Les bains Lukàcs ont donc depuis quelques années diversifié leur offre pour attirer la jeune génération. Avec une proposition étonnante : ici, les clients peuvent faire trempette dans des “bains de bière”, c’est-à-dire un mélange d’eau thermale, de houblon, de levure et de malt tout en buvant… de la bière. Ce bain spécial permettrait de faire le plein de vitamines. Un combo gagnant, qui attire surtout des jeunes qui peuvent ensuite profiter des activités plus classiques des thermes. D’abord proposé à Széchenyi, c’est en raison de son grand succès que le beer spa s’est installé à Lukács. 

«Nous essayons d’organiser des programmes qui pourraient attirer les jeunes locaux car ils ne fréquentent pas forcément les thermes», explique Budapest Spa, la société en charge de la majeure partie des bains de la ville. «On a tenté d’attirer des jeunes Hongrois, mais aucune de nos pubs n’a fonctionné», soupire János Torbágyi, directeur commercial des Sparty, ces gigantesques soirées dans les thermes Széchenyi où les jeunes viennent faire la fête. «Le prix de l’entrée, une soixantaine d’euros, est trop élevé pour eux et ils n’ont pas forcément envie de faire la fête en maillot de bain à côté de chez eux. Et puis, les thermes de jour, c’est un peu old school», ajoute-t-il. 

Les touristes au rendez-vous

Viktória et Kamilla, croisées à une de ces Sparty, confirment : «Nos grand-mères viennent le jour à Széchenyi pour jouer aux cartes. Alors que le soir, c’est la fête, et là c’est fait pour nous, les jeunes. Demain matin, nos grands-mères reviendront ici pour se relaxer», s’amuse Viktória, bière à la main. Les deux amies, hongroise et ukrainienne, se rendent à cette fête pour la première fois. 

Ce samedi soir, les thermes Széchenyi arborent un tout autre visage. Les moulures et les statues antiques disparaissent dans la nuit pour laisser place à des projecteurs multicolores, donnant aux bains un air de boîte de nuit. Les rires se font plus forts, sous l’effet de l’alcool. Il est 22h30, la Sparty a commencé il y a une heure. Une fois par semaine, des centaines de jeunes viennent à Széchenyi pour danser au rythme de musiques électro. Ils parlent anglais, espagnol ou néerlandais et la plupart n’ont pas plus de 30 ans. 

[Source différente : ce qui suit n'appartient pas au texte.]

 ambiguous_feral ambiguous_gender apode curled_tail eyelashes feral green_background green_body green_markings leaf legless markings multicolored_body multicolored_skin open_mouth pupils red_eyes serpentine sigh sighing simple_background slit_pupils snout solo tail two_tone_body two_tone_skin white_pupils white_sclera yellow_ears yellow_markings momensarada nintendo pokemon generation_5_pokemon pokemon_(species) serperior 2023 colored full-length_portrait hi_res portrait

Le jeu d’échecs a disparu et les jacuzzis ne fonctionnent plus. Des tireuses à bières se sont installées à la place des transats. Ici, l’alcool est autorisé et les verres vides s’accumulent au bord des bassins. À l’odeur de chlore se mélange des relents d’alcool. Chacun arbore son plus beau maillot. Les bonnets de bain ne sont pas de circonstances. Certains clients dansent collés-serrés tandis que d’autres s’embrassent. L’ambiance n’est pas à la méditation.

Les “Sparty”, fêtes géantes dans les thermes de Széchenyi, peuvent rassembler jusqu’à 1500 personnes. © Magyarpart

«Il y a vraiment une différence entre les touristes et les locaux dans les thermes. Ces derniers ont en général plus de 75 ans, ils viennent souvent seuls pour se soigner. Ils y restent une à deux heures. Les touristes, eux, ont la trentaine et viennent pour s’amuser et boire de l’alcool. Ils viennent souvent en groupe et y restent environ trois heures. Les touristes et les Hongrois ne pratiquent pas les thermes de la même manière», analyse Tibor Alföldi, manager des thermes Széchenyi. 

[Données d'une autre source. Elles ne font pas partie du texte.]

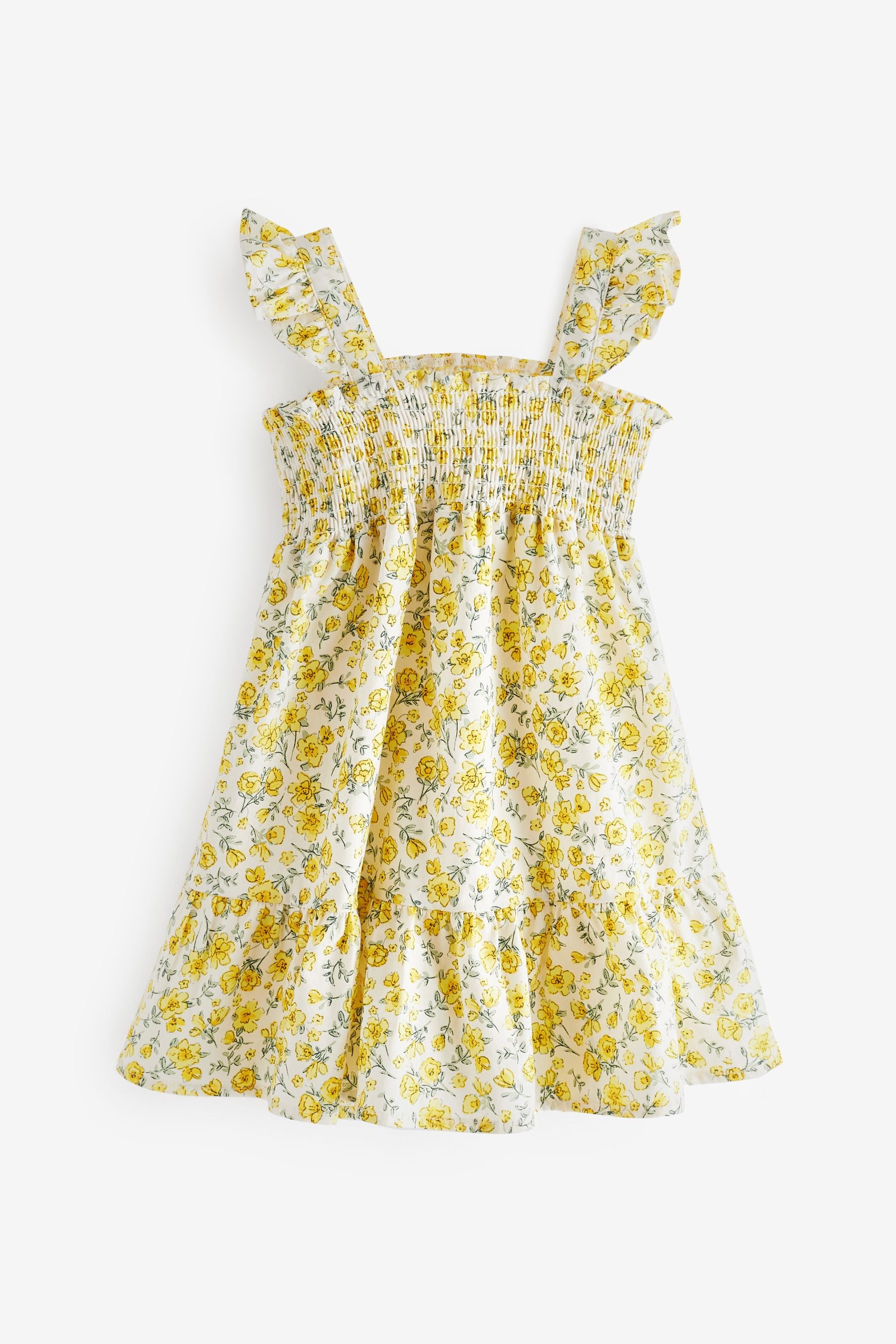 Yellow Floral Sleeveless Dress (3mths-7yrs)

Deux mondes qui se croisent

La culture ancestrale des bains hongroise ne disparaîtrait-elle pas au profit d’un tourisme de fêtard ? Selon János Torbágyi, les Sparty sont au contraire une «bonne chose» : «on apporte quelque chose de nouveau dans le monde des thermes».

Une nouveauté pas forcément appréciée des Hongrois. Aujourd’hui, certains locaux préfèrent se rendre dans des thermes plus confidentiels, comme à Lukács, ou viennent très tôt le matin pour éviter les étrangers. Mais touristes et Hongrois continuent de se croiser dans les vestiaires collectifs des bains de Széchenyi. Tandis que les grand-mères n’hésitent pas une seule seconde à se changer devant les autres, certaines étrangères préfèrent s’habiller dans les toilettes pour plus d’intimité. 

Les bains Széchenyi font partie des thermes les plus populaires de Budapest. © Magyarpart

Deux mondes qui se croisent et qui, parfois, se rencontrent. Dans les bassins extérieurs de Széchényi, une deuxième table d’échec a été installée à l’opposé de la première. Certains jeunes se risquent à y jouer, en espérant peut-être imiter leurs aïeuls.